Eine Unterhaltung mir ihr zu führen, gleicht einem Ratequiz, dass habe ich schon bei unseren Telefonaten der letzten Tage gemerkt. Seit zwei Tagen darf sie ihr Zimmer verlassen, die Sicherheitsquarantäne für neue Bewohner ist vorbei. Wir schauen zusammen eine Serie und lachen über das was wir dort sehen. Zwischendurch ein paar Sätze, die neue Art von Gespräch. Ich sage ihr, dass sie nicht mehr zurück in ihre Wohnung kann und sie ist nicht erfreut. Etwas anderes draußen vor dem Fenster erregt ihre Aufmerksamkeit und wir wechseln das Thema. Sie erzählt, dass sie mit dem Rollator zum Fenster am Flur geht, dass sie mit den anderen Bewohnern in einem Raum isst und das ihr Zimmer schön warm ist. Auf meine Fragen, was ich ihr noch aus der Wohnung mitbringen soll, teilt sie mir mit, dass sie gar nichts brauche. Wir einigen uns auf ihr Fotoalbum mit den Wanderurlauben und alles andere soll „vernünftig“ bei mir eingelagert werden. Ich erzähle ihr nicht, dass ich dafür keinen Platz habe und auch nicht, dass ich ihre Wohnung kündigen werde und mit den Kindern, die Wohnung leer räume. In den nächsten Wochen wird noch das ein oder andere Teil seinen Weg zu ihr finden. So, wie das Bild meiner Eltern, dass ich ihr heute mitgebracht habe.

Für mich bleibt die Frage

Was bleibt von einem gelebten Leben ?

Ein Fotoalbum ? Erinnerungen die verblassen ? Erinnerungen die man mit niemanden teilen kann, weil die Menschen, die dir bleiben, sie nicht kennen ?

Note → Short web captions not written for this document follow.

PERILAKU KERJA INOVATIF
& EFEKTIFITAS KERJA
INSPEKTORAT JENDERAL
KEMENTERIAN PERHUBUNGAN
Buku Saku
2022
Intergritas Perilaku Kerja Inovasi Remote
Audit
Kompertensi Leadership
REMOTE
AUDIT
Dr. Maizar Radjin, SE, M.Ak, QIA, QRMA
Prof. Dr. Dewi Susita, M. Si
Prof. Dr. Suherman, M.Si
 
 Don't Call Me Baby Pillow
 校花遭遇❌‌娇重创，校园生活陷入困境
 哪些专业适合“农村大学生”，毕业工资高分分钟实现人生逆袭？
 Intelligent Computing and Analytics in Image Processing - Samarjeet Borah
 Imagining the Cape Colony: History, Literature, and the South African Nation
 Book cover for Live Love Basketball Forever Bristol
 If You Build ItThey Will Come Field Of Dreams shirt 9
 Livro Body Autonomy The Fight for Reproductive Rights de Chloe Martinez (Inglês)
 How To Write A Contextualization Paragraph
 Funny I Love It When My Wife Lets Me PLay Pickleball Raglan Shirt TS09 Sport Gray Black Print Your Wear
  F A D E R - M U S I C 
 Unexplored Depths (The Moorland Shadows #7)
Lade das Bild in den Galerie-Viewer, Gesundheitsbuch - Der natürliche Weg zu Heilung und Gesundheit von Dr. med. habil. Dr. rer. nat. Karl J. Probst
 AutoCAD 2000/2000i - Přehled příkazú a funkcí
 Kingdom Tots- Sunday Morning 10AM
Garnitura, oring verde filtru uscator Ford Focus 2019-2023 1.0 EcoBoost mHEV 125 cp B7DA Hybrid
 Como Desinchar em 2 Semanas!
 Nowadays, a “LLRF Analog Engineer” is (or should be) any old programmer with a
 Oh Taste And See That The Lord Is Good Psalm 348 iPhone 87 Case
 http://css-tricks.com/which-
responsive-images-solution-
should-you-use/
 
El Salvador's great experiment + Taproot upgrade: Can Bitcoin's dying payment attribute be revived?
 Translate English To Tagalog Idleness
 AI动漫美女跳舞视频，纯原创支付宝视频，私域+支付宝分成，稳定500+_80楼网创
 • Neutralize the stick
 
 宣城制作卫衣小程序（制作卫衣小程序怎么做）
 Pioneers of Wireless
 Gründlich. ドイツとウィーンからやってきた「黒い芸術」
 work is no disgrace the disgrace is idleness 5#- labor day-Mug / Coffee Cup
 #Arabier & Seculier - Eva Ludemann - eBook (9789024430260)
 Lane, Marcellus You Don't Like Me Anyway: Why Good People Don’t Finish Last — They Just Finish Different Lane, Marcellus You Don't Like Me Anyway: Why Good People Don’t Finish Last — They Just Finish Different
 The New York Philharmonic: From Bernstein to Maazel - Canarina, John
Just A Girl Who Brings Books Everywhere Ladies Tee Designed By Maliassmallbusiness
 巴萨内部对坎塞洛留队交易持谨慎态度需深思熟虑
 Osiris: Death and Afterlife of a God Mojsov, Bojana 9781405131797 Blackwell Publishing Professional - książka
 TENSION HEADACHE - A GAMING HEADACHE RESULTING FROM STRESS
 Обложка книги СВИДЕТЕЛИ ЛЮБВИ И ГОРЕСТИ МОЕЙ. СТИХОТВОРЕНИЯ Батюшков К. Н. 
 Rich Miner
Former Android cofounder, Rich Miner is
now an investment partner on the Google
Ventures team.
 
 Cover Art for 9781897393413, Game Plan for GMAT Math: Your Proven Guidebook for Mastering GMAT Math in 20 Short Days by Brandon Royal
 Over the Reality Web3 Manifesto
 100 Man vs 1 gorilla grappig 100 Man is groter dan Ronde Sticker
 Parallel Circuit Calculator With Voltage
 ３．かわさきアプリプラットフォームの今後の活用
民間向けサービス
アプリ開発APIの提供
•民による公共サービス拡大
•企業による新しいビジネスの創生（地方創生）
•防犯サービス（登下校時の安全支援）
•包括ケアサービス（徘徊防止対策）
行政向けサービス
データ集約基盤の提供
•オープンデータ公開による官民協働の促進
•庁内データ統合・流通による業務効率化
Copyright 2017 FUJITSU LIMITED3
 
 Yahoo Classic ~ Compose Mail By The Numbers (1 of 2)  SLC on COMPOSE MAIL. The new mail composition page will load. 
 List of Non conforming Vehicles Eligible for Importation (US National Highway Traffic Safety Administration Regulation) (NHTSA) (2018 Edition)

Es bleiben Kinder, die man mit großer Hoffnung in die Welt gesetzt hat, die man unendlich liebt, für die man tut, was man tun kann. Doch ob die Kinder das so sehen, wie man selber, bleibt abzuwarten. Im Falle meiner Mutter werde ich mit länger andauernder Pflege und Sorge nachgiebiger, versöhnlicher. Trotz der großen Distanz zwischen uns, berührt mich ihr letztes Lebenskapitel sehr. Jetzt sind wir nur noch zwei Menschen. Keine Vorwürfe mehr. Keine Wut. Kein Hass.

Als Mutter schaue ich auf meine vier Kinder und ihr Leben. Genau wie meine Mutter sage ich, das mich von ihnen niemand pflegen soll. Das ich in einer Seniorenresidenz leben möchte. Werde ich es vergessen ? Oder werde ich mich daran erinnern ? Werden sie, genau wie ich, auf den richtigen Zeitpunkt warten und hoffen ihn nicht zu verpassen ? Wie empathisch werden sie sein, wenn ich alt bin und in ihren Augen nicht mehr alleine leben kann ? Heute sprechen wir darüber ganz klar, denn ich bin berufstätig, erziehe ihre jüngste Schwester, kann mich trotz meiner körperlichen Einschränkungen gut um mich selber kümmern.

Von meiner Mutter bleiben mir viele Fotos mit ihren Freunden. Kaum Familienfotos. Von meinem Vater gibt es noch weniger, der mochte es nicht fotografiert zu werden. Von mir gibt es die auch nicht.

Meine Mutter war ein begeisterte Gärtnerin. Heute gibt es ihn nicht mehr. Verwelkt, vertrockent, unansehlich.